Great! Are you going to send a pull request for this?
I think it sounds like a great idea. Chucking stuff which hasn't been modified is fine with me.
When MetaDirty is set the meta file will be written back to the disk. This is set when we update the Atime which is how we know which files to delete first. This happens even when files are opened read only.
Is the write-back of Atime needed for the backend (in our case, S3)? Which function does this metadata write back? I guess it's a meta file inside the cache dir?
I don't seem to find the code that sends the Atime info to S3. You mean writing back the Atime to the vfsMeta hierarchy on the local disk in a per-file meta file, right?
Although the experimented solution to do a retry in item.ReadAt to remove and recreate the cache file seems to work now, I hope to improve it so this fix leverages the cleaner thread to examine all clean items to remove. The current fix only removes the item that got the ENOSPC. The timer-driven cleaner thread will be turned on synchronously (assuming it's feasible) upon ENOSPC if not already running and it will remove clean open files once the out-of-space flag is turned on. What do you think about that approach?
Yes, I got the kick channel for resetting cache of clean open files implemented.

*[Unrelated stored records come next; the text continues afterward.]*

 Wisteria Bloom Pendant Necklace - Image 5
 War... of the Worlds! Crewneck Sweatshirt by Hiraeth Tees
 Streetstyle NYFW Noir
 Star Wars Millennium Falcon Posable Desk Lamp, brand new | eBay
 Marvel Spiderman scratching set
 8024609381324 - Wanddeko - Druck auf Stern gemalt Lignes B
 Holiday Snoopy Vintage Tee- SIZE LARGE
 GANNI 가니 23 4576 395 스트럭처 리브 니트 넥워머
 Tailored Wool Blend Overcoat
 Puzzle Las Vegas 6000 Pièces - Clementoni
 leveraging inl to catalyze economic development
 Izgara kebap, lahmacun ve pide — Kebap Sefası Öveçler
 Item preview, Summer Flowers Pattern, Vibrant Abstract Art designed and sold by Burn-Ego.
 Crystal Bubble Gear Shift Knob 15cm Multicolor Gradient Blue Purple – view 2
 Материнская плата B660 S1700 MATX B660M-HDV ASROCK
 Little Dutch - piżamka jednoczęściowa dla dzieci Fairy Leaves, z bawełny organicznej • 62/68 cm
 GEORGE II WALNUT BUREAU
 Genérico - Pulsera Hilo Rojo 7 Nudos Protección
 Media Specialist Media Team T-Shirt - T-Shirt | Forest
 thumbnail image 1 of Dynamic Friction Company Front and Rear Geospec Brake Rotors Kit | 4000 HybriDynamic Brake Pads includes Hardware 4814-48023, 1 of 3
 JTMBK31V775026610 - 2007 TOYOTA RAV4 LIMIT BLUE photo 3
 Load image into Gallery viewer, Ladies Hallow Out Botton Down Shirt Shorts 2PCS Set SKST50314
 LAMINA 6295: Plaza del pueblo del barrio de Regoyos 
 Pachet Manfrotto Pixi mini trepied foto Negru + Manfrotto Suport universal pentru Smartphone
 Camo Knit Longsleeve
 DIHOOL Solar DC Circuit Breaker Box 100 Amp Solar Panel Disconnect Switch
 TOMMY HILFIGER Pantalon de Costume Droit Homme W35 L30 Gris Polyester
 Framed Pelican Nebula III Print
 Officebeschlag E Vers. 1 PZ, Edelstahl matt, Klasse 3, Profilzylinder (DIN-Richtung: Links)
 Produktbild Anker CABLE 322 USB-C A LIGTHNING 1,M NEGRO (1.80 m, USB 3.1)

It seems to work well with my use case now. I will go through the instructions on pull request and tests now.
@ncw I pulled from the master today in preparation for my vfs-clean-cache-reset branch. It looks like the recent removal of the vendor directory caused the following errors. What step(s) might I be missing?
Thanks! This step helps the go build of rclone on Ubuntu. But on MacOS, I got the following errors during rclone build after cleaning the cache. Might it be related to the recent osxfuse change?
I was building the master. But the master was changed and go.mod was different. I guess it's probably the result of my trying to run go mod tidy command when I ran into the cache cleaning need. After a git reset, it's building now. Thanks!
@ncw Are the changes supposed to pass the go.1.11 and go.1.12 tests? I am using github.com/pkg/errors in vfs/read_write.go (errors.Is()) for detecting the ENOSPC error and it fails 1.11 and 1.12 tests complaining about the errors package's inclusion. But this package seems to be also used elsewhere in rclone. Also, syscall.ENOSPC is acceptable for all platforms, but not other_os. Any suggestion?
errors.Is is part of the standard library and was only introduced in go1.13 so you can't use that for the moment unless we conditionally compile the code for go1.13 and above.
pkg/errors just calls that and it looks like it isn't compiled in for < go1.13
I think we will have to write our own IsErrNoSpace() function...
See fserrors.Cause for an error unwrapper which should work for all go versions.
I suggest you define an IsErrNoSpace() function in fs/fserrors which uses fserrors.Cause and compares it with syscall.ENOSPACE
I would suspect (can you link the build results?) that it is only plan9 which doesn't define this, so you could conditionally compile the plan9 IsErrNoSpace to always return false.